Un maître zen évoquait l’histoire d’une vieille femme qui, au plus fort de la saison des pluies, avait résolu de se rendre en pèlerinage à une montagne sacrée, fort lointaine. Faisant halte à une auberge routière, elle décida de réserver une chambre pour la nuit avant d’entreprendre son ascension. « Ma pauvre dame, lui dit l’aubergiste, jamais vous ne parviendrez à escalader le sol glissant de cette montagne. Surtout pas avec ce mauvais temps. C’est impossible. » « Oh, rien de plus facile, répondit la vieille femme. Voyez-vous, monsieur, mon cœur repose là-bas depuis si longtemps. Il ne me reste plus désormais qu’à y traîner mon corps. » Dans les moments de lassitude, quand le vent de la motivation nous largue et que la vie exige des efforts d’alpiniste, combien ce récit peut devenir interpellant!

Écoute ton cœur

Je me rappelle un cri de ralliement que nous utilisions autrefois dans les mouvements de jeunesse. Pour nous donner du courage, nous criions de toutes nos forces « En haut les cœurs! » (Sursum corda). Une invitation à viser toujours plus haut. À cette époque, l’idéal humaniste résidait tout entier dans la recherche de la perfection. C’était le temps des « grandes âmes », celui des idéaux ouverts sur l’infini toutes voiles dehors.
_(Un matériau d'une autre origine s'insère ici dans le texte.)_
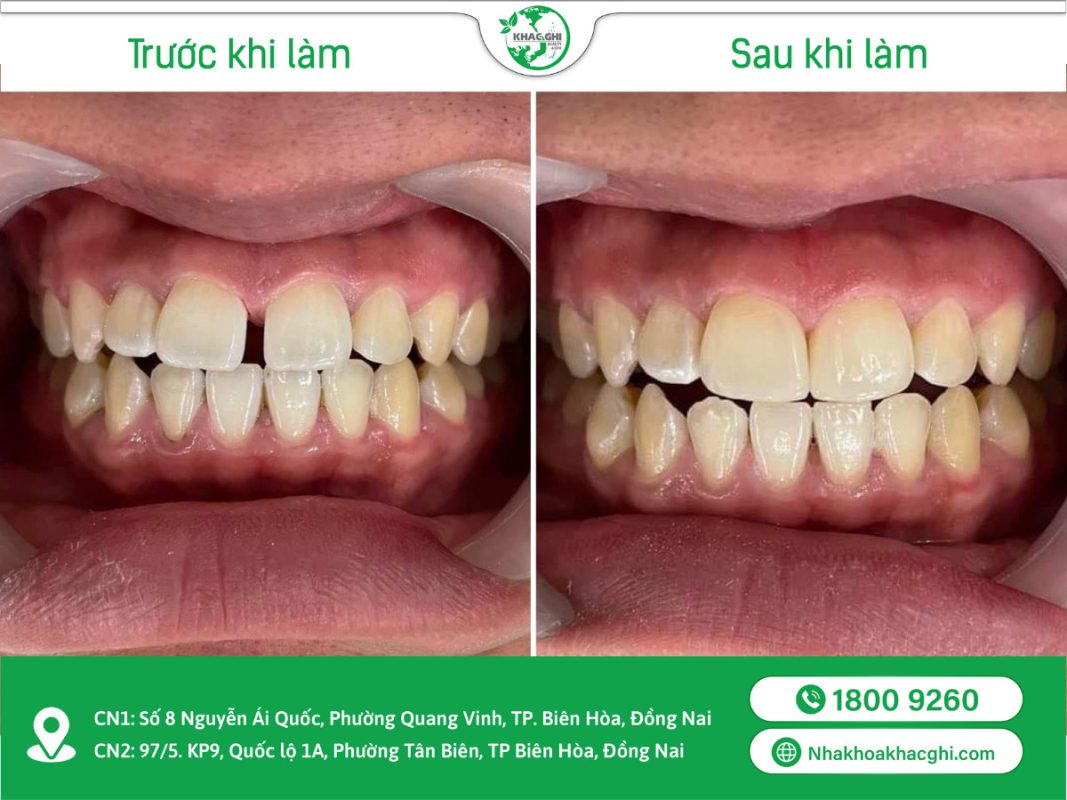 rang cua thua co nen boc su 6802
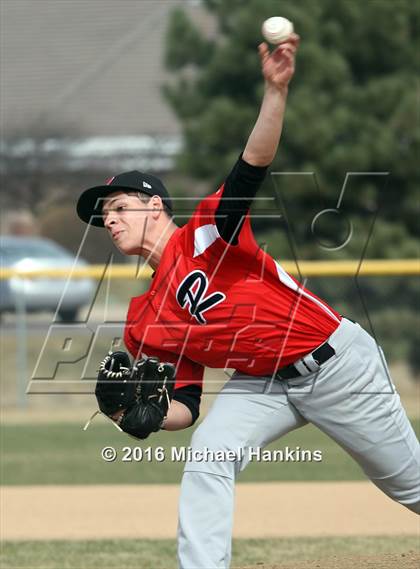 Thumbnail 1 in Rangeview @ ThunderRidge photogallery.
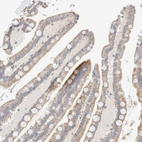 Immunohistochemical staining of human colon shows moderate cytoplasmic positivity in glandular cells.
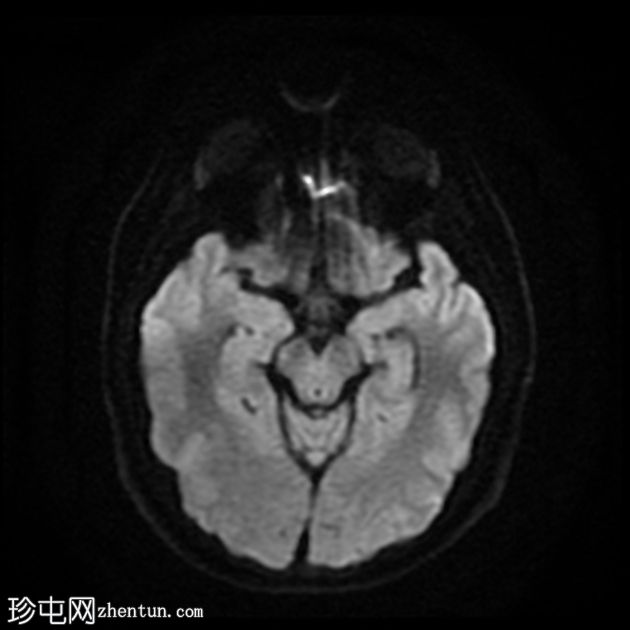 少突胶质细胞瘤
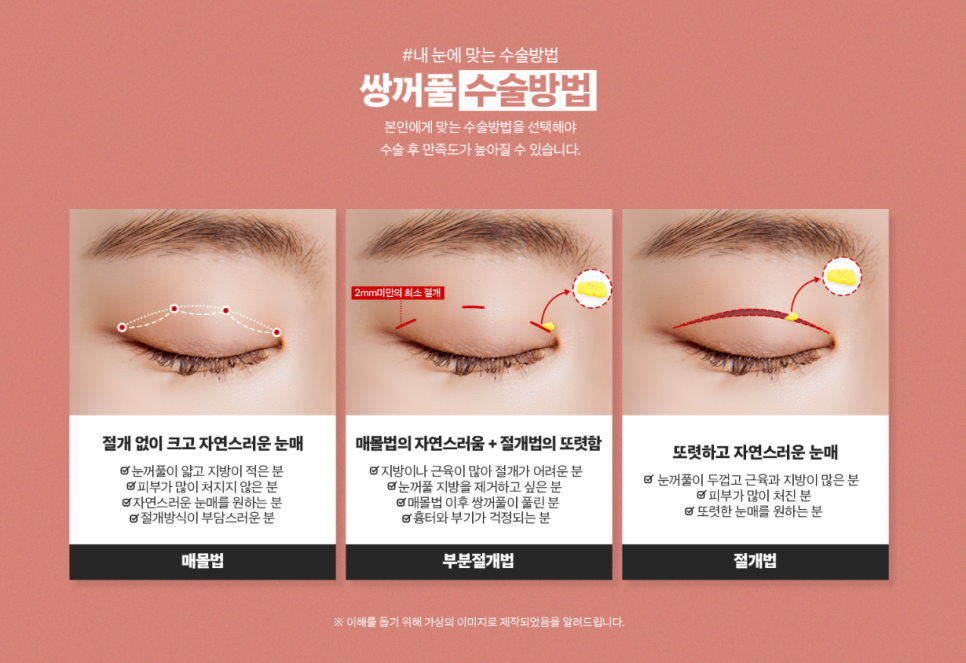 Want to Look Naturally More Beautiful with Double-Eyelid Surgery for the New Year? image 6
De nos jours, combien estiment qu’il faut écouter son cœur. Le plus souvent, c’est lui qui nous dicte ce qu’il faut faire. L’intelligence seule ne suffit pas. Surtout dans les situations irrationnelles comme les drames de la vie, la souffrance, l’angoisse, la dépression, la dépendance. Ces situations ne se raisonnent pas. Elles nous plongent dans l’incontrôlable, dans l’imprévu, dans l’instinct et la pulsion. C’est alors que nous devons compter sur l’intelligence du cœur.

Le second souffle

Bien sûr, le cœur a aussi ses dérives, mais c’est moins sur ses rêveries que sur ses ressources qu’il faut compter. Dans la sagesse populaire, le cœur incarne la métaphore vivante du courage. La conscience collective le perçoit spontanément quand elle clame à qui veut l’entendre: « Tu as en toi une force intérieure qui peut venir à bout de toutes les situations ». Ou bien « Il y a en toi un potentiel d’énergie capable de revirement étonnant ». On peut penser au second souffle pour l’athlète.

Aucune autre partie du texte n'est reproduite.